Stored dataset items:

- - - - -

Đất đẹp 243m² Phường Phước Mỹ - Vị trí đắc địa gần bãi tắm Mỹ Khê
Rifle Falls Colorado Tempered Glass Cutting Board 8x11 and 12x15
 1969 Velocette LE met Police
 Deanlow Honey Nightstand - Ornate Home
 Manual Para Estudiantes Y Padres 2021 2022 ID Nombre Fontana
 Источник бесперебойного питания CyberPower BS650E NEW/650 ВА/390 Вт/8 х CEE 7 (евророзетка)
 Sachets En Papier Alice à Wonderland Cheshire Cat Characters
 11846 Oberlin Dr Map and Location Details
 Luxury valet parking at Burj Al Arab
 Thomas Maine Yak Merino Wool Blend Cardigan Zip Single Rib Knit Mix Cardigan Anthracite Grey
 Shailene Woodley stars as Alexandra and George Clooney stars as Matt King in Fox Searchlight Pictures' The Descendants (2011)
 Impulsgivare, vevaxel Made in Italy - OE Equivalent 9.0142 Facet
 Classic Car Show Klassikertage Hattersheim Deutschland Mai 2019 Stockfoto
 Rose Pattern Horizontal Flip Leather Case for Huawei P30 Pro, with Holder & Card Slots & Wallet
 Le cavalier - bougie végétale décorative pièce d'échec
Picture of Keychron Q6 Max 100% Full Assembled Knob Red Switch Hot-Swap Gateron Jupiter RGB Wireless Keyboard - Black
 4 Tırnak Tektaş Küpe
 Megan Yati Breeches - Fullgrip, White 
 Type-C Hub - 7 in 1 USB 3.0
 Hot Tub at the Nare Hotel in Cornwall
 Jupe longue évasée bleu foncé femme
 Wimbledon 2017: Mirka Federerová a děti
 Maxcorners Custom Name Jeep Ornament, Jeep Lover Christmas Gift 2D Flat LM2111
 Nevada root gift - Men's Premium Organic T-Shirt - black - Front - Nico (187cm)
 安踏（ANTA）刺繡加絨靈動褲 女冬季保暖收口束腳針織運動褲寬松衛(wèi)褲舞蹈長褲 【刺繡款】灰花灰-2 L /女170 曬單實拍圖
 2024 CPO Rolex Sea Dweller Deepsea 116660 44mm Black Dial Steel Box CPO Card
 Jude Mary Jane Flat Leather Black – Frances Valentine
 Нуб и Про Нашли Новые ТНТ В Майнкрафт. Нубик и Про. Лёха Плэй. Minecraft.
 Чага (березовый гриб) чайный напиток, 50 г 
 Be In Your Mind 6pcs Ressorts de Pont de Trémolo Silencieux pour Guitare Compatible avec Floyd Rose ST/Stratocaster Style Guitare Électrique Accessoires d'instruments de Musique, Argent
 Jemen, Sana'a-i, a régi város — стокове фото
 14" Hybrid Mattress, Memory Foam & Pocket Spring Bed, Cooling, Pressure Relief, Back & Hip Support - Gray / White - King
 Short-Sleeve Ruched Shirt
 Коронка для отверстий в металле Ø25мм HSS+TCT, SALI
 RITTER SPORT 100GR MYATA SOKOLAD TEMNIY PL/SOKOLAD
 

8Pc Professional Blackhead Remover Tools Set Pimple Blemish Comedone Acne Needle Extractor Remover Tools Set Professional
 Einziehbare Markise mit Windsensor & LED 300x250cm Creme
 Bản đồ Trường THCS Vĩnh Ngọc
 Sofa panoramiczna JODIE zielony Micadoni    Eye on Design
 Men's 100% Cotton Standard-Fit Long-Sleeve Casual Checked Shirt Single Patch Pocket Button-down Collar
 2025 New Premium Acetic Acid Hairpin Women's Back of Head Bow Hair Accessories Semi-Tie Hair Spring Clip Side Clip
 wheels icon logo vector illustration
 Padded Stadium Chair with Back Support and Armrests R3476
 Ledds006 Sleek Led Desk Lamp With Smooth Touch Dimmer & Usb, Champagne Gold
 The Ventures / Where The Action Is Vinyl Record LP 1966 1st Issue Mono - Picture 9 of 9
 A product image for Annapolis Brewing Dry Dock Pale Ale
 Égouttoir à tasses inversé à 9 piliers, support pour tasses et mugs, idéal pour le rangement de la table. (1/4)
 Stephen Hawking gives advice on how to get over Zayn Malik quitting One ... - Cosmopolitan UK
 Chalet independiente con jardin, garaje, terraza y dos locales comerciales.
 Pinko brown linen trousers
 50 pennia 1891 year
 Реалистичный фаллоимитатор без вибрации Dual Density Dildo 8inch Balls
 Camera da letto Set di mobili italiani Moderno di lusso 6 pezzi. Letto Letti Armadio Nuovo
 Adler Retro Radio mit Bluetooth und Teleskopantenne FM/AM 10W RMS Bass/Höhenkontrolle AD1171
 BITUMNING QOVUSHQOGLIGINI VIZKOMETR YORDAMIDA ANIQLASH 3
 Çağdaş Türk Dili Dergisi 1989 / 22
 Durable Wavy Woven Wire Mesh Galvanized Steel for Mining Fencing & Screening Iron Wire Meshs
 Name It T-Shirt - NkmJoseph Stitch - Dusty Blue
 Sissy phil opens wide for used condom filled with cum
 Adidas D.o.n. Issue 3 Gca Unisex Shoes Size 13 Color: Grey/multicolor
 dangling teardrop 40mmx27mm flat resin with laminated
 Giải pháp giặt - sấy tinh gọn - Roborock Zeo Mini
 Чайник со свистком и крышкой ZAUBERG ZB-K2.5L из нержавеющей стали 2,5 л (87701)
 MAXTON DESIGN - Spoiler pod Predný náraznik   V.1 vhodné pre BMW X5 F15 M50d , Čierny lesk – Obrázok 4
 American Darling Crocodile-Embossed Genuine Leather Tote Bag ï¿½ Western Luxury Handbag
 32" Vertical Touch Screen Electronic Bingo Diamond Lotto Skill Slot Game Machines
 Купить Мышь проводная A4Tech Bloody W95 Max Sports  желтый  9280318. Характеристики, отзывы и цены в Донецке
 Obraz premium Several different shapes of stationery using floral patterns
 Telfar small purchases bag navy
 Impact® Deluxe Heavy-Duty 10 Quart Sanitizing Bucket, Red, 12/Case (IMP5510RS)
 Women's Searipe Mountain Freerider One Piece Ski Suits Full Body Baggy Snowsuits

- - - - -

> [YOUR GOAL]: Going line by line through the data, tally each one that includes the string "Grey", and answer with the tally only.

> [OUTPUT FOR THIS TASK]: 2